TASK DIRECTIONS — For this exercise, print the listing below exactly, without its pictures.

DATASET EXCERPT —
━━━━

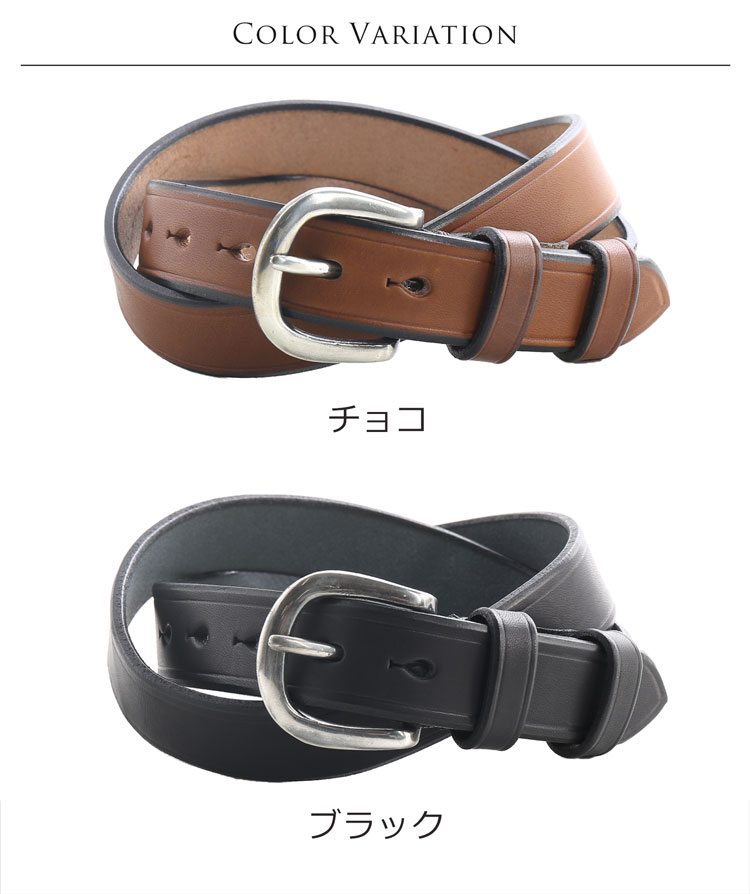 Jamale（ジャマレ） ［名入れ 可能］栃木レザー ベルト 一枚革 ベルト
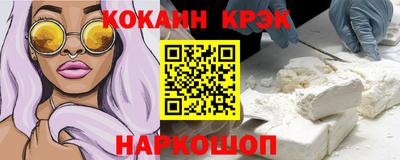 каннабис Нарткала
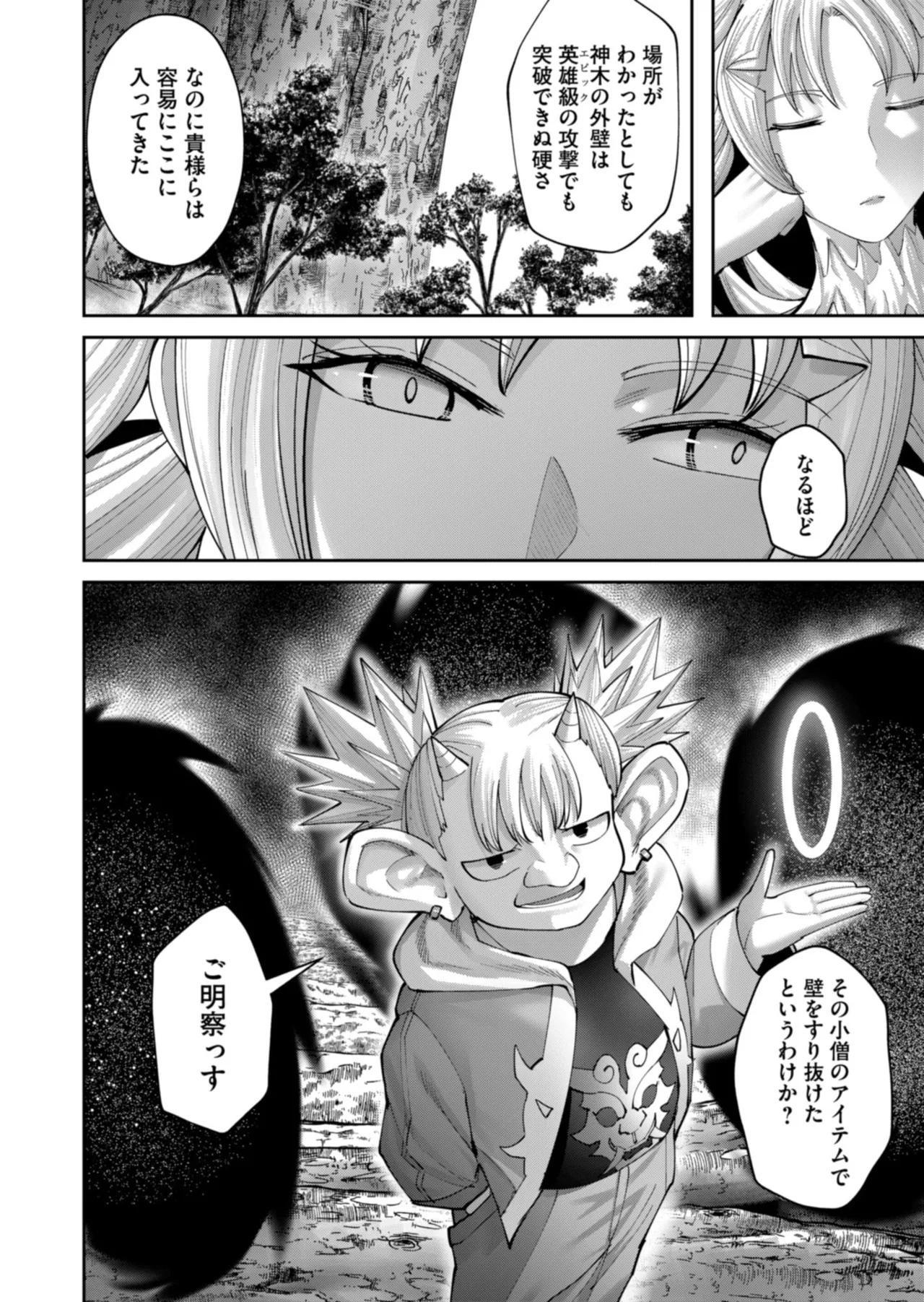 Manga Page 78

━━━━

EXERCISE RESULT —
 Jamale（ジャマレ） ［名入れ 可能］栃木レザー ベルト 一枚革 ベルト
 каннабис Нарткала
 Manga Page 78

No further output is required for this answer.